# Parken in Ehrwald



## Tomz (27. Juni 2006)

Nach dem ich über die SuFu nichts gefunden haben noch mal als Thema.
Wo parkt Ihr in Ehrwald wenn Ihr auf Transalp geht?
Kann man an der Zugspitzbahn kostenlos parken?

Danke
Tom


----------



## Elmar Neßler (27. Juni 2006)

am grossen parkplatz der ehrwalder alm bahn könnte das gehen. bin zwar transalp noch nie von ehrwald los (sondern garmisch), aber für diverse bergtouren per pedes stand ich dort auch schon bis zu 4 tage. war kein problem. einfach im oberen teil irgendwo links hinten.


----------



## MTB-News.de




----------



## JJJ (28. Juni 2006)

Hi,

bin dieses jahr ab Lermoos (liegt 1,5 km neben Ehrwald) gestartet.
Da gibt es einen kostenlosen Gemeinde-Parkplatz hinter dem Hotel Bergland.

Ich habe bei meinen bisherigen Transalps immer vorher die jeweiligen
Touristik-Büros per Mail kontaktiert und nach kostenlosen Parkplätzen
gefragt.
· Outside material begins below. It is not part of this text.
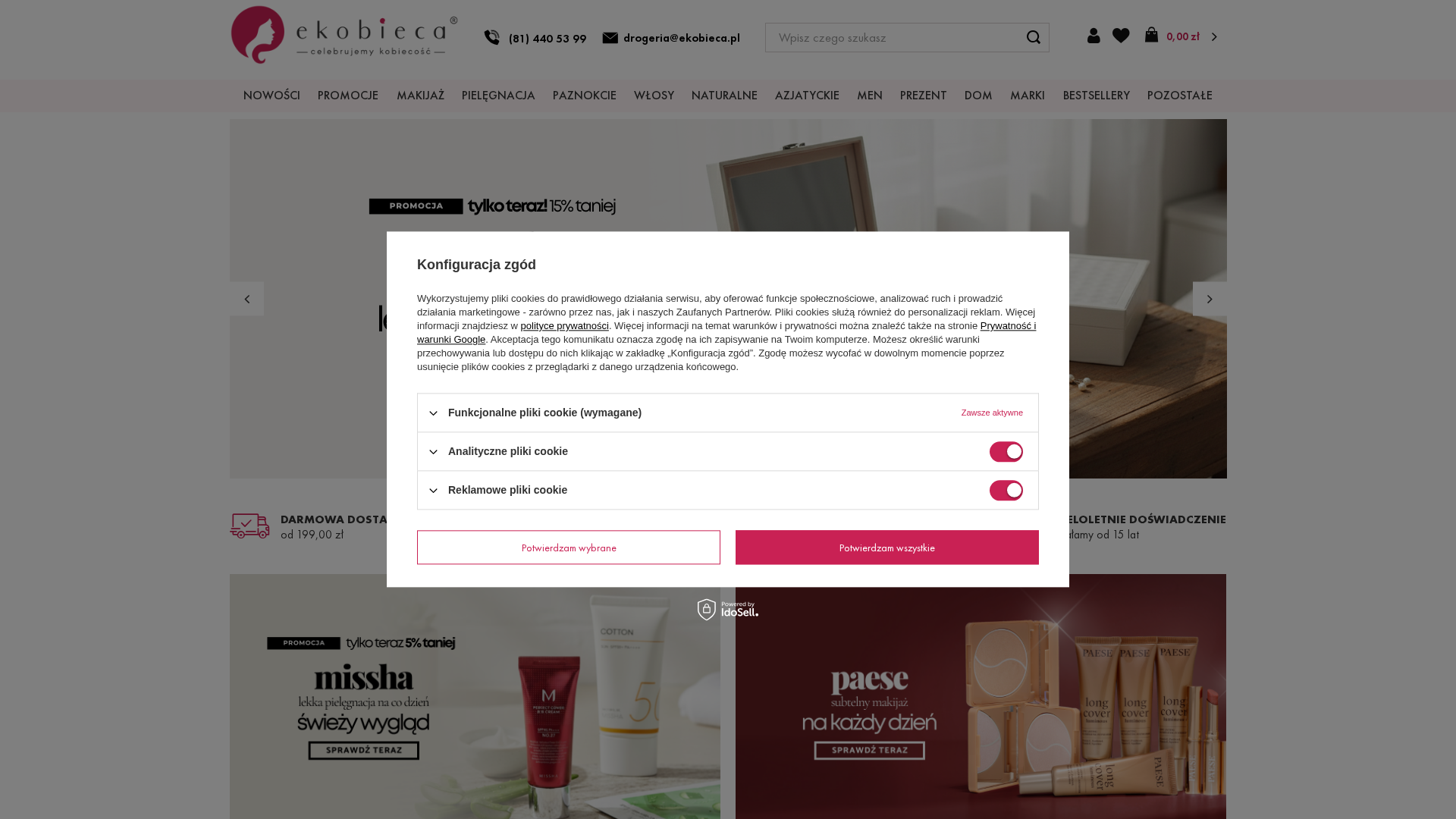 Screenshot of www.ekobieca.pl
Hat bisher immer prima geklappt.

Viel Spaß bei Deiner Tour - unsere ist leider. leider schon wieder vorüber, 
aber dafür hatten wir geniales Wetter.

Es grüßt der JJ


----------



## Carsten (28. Juni 2006)

ehrwalder Alm Bahn. Da kannste stehn und es stört keinen. Die haben sogar so Art Garagen unter der Seilbahnstation, da stand mein Kumpel letztes Jahr 3 Tage drin...
Notfalls anstandshalber mal nachfragen


----------



## Stiftsquelle (1. Juli 2006)

Ansonsten am Schwimmbad in Ehrwald hat auch problemlos geklappt


----------



## Lisa N. (1. Juli 2006)

Stiftsquelle schrieb:
			
		

> Ansonsten am Schwimmbad in Ehrwald hat auch problemlos geklappt


Genau, dort habe ich auch eine Woche lang ohne Probleme geparkt und es liegt eigentlich mitten im Ort


----------